People with mental disabilities must be included in development programmes – UN

A mental health counsellor talks with clients in the Democratic Republic of the Congo. Photo: WHO/Marko Kokic

16 September 2010 – The United Nations health agency today called on governments, civil society and aid agencies to confront the “enormous challenge” of helping the millions of people in developing countries with mental and psychosocial disabilities, among the world’s most vulnerable groups.

“Almost three quarters of the global burden of neuropsychiatric disorders occurs in low- and middle-income countries,” World Health Organization (WHO) Director-General Margaret Chan said in a foreword to a new report, entitled “Targeting people with mental health conditions as a vulnerable group,” stressing that they are marginalized in terms of development aid and government attention.

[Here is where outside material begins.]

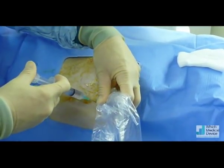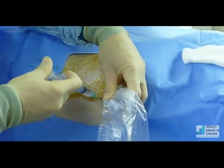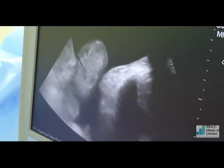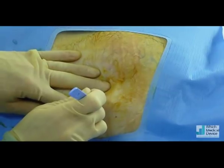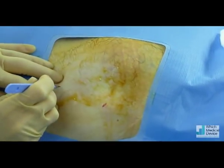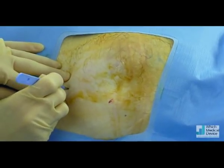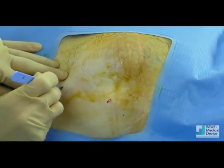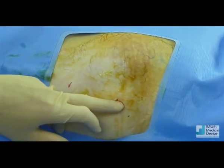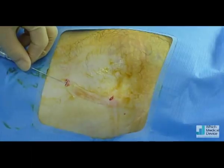Bit more anaesthetic now. This local anaesthetic is going to go right through to the peritoneum — a needle right the way through. That's the peritoneal entry site; the catheter will be tunneled this way and out through the skin here. We're just going to anaesthetise the tract using a spinal needle.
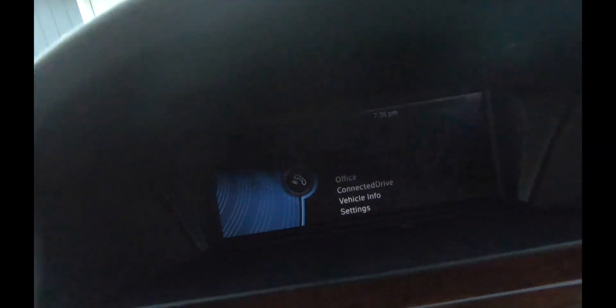En el teléfono también vamos a seguir el mismo paso. En el teléfono es 8, 4, 3, 5, 4. Y vamos a parear. Vamos a permitir que tenga acceso al teléfono. Está apareando el teléfono ahora.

“We can measure the costs to individuals, families, societies, and economies. And the costs of these disorders, which tend to have an early onset and are chronically disabling, are enormous. Taking action makes good economic sense. These disorders interfere, in substantial ways, with the ability of children to learn and the ability of adults to function in families, at work, and in society at large.”

The report calls on development actors to recognize the group’s vulnerability, include them in all development initiatives, scale up services for mental health in primary care, provide social and disability benefits, and involve people themselves in designing development programmes.

It notes that almost 1 million people commit suicide every year, the third leading cause of death among young people. Depression is the leading cause of years lost due to disability worldwide.

According to the report, the majority of development and poverty alleviation programmes do not reach persons with mental or psychosocial disabilities. For example, between 75 and 85 per cent do not have access to any form of mental health treatment. Mental and psychosocial disabilities are associated with rates of unemployment as high as 90 per cent. Furthermore people are not provided with educational and vocational opportunities to meet their full potential.

“A greater attention from the development community is needed to reverse this situation,” WHO Assistant Director-General for Non-Communicable Diseases and Mental Health Ala Alwan said. “The lack of visibility, voice and power of people with mental and psychosocial disabilities means that an extra effort needs to be made to reach out to and involve them more directly in development programmes.”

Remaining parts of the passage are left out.